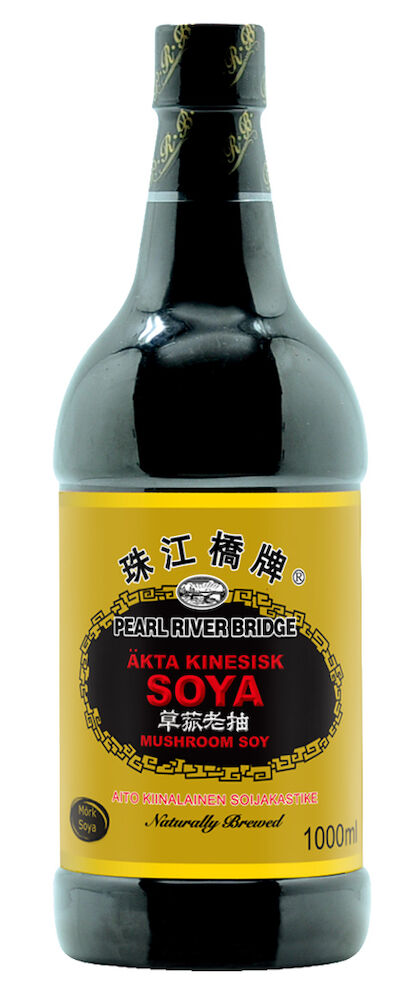 Sojasås Mushroom Kinesisk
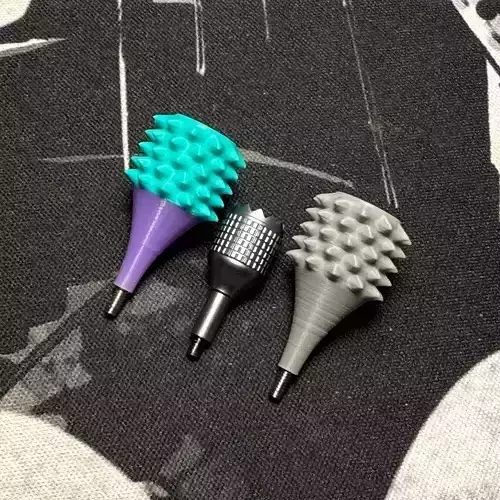 DJI FPV Remote Controller 2 and 3 sticks 3D print model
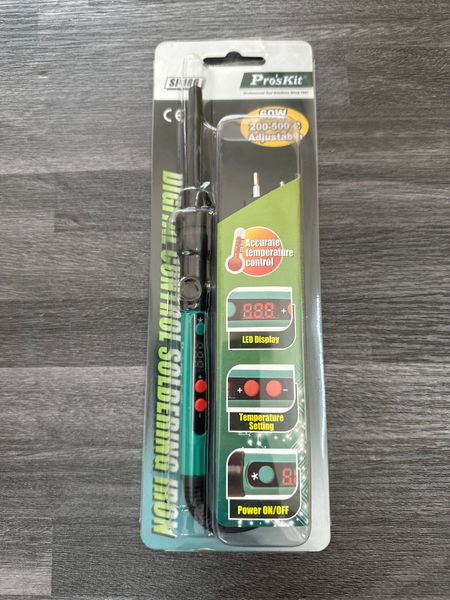 Mỏ hàn chỉnh nhiệt Pro'skit SI-186F (60W)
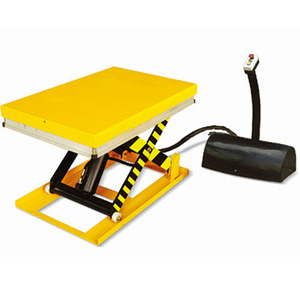 Meja angkat gunting, Platform pengangkat harga dengan Organ di bawah gunting hidrolik angkat dengan penutup pelindung - Product Image 6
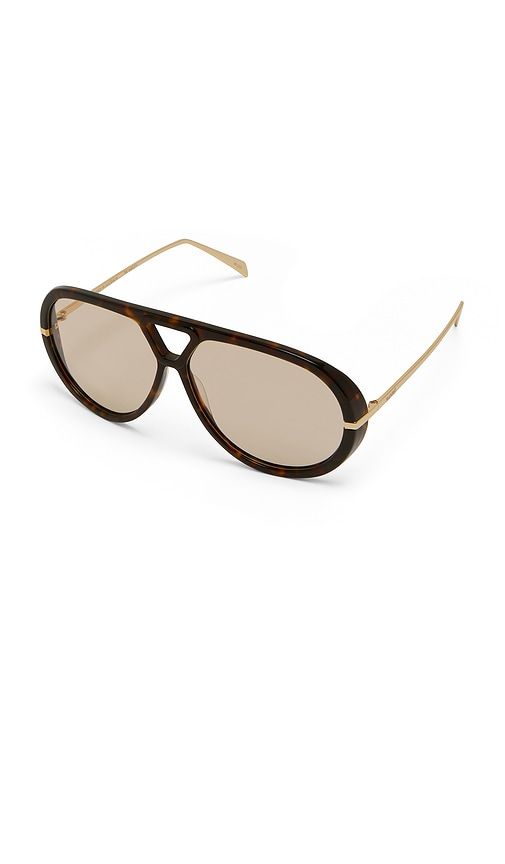 The Harley Sunglasses in Brown - Banbe - Modalova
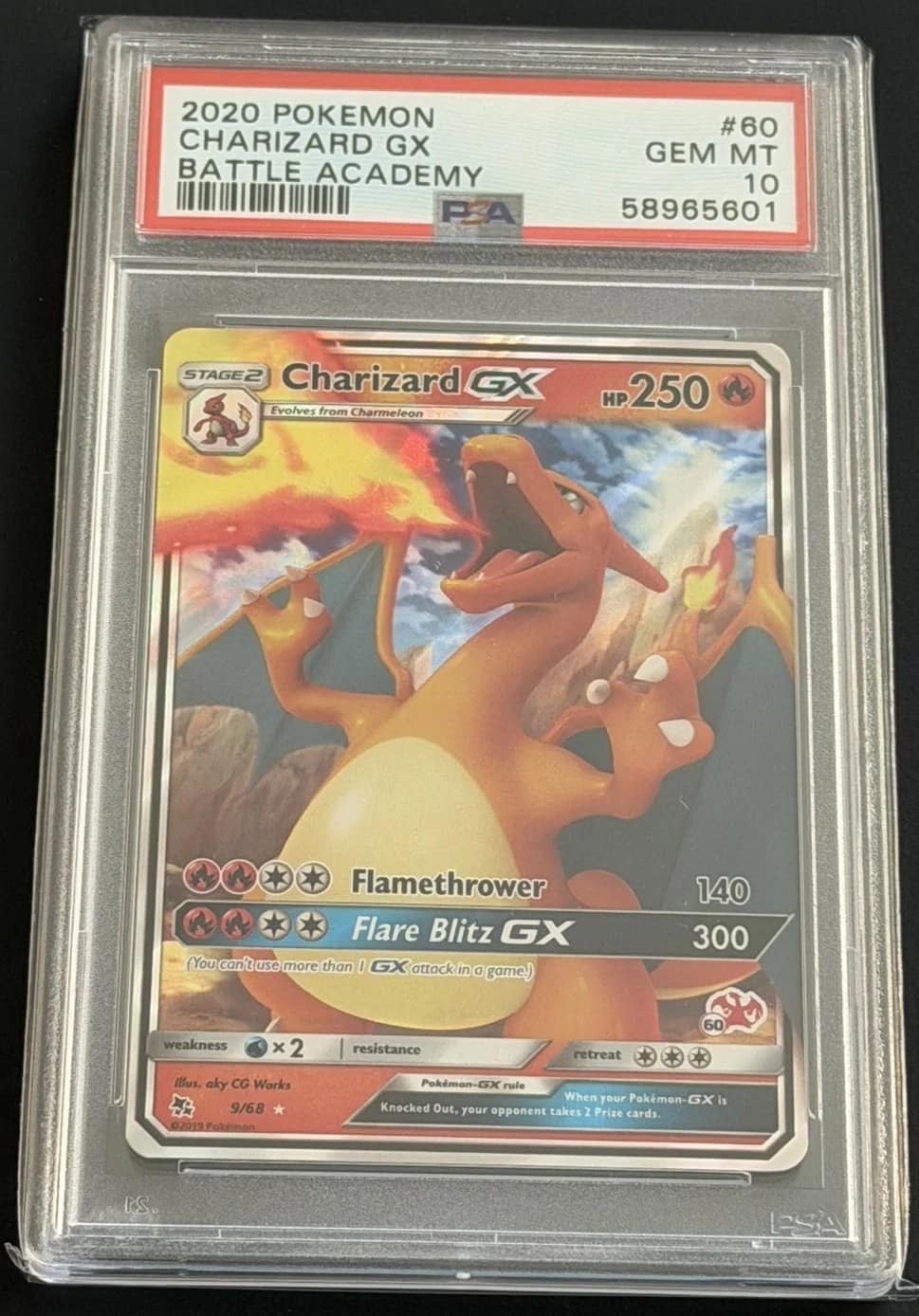 Charizard Gx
○ ○ ○
* Problem to work on:
Write the lines from the one containing "The Harley Sunglasses" through the end of the data above exactly as they appear, and do not carry over any picture.

* Result of the task:
 The Harley Sunglasses in Brown - Banbe - Modalova
 Charizard Gx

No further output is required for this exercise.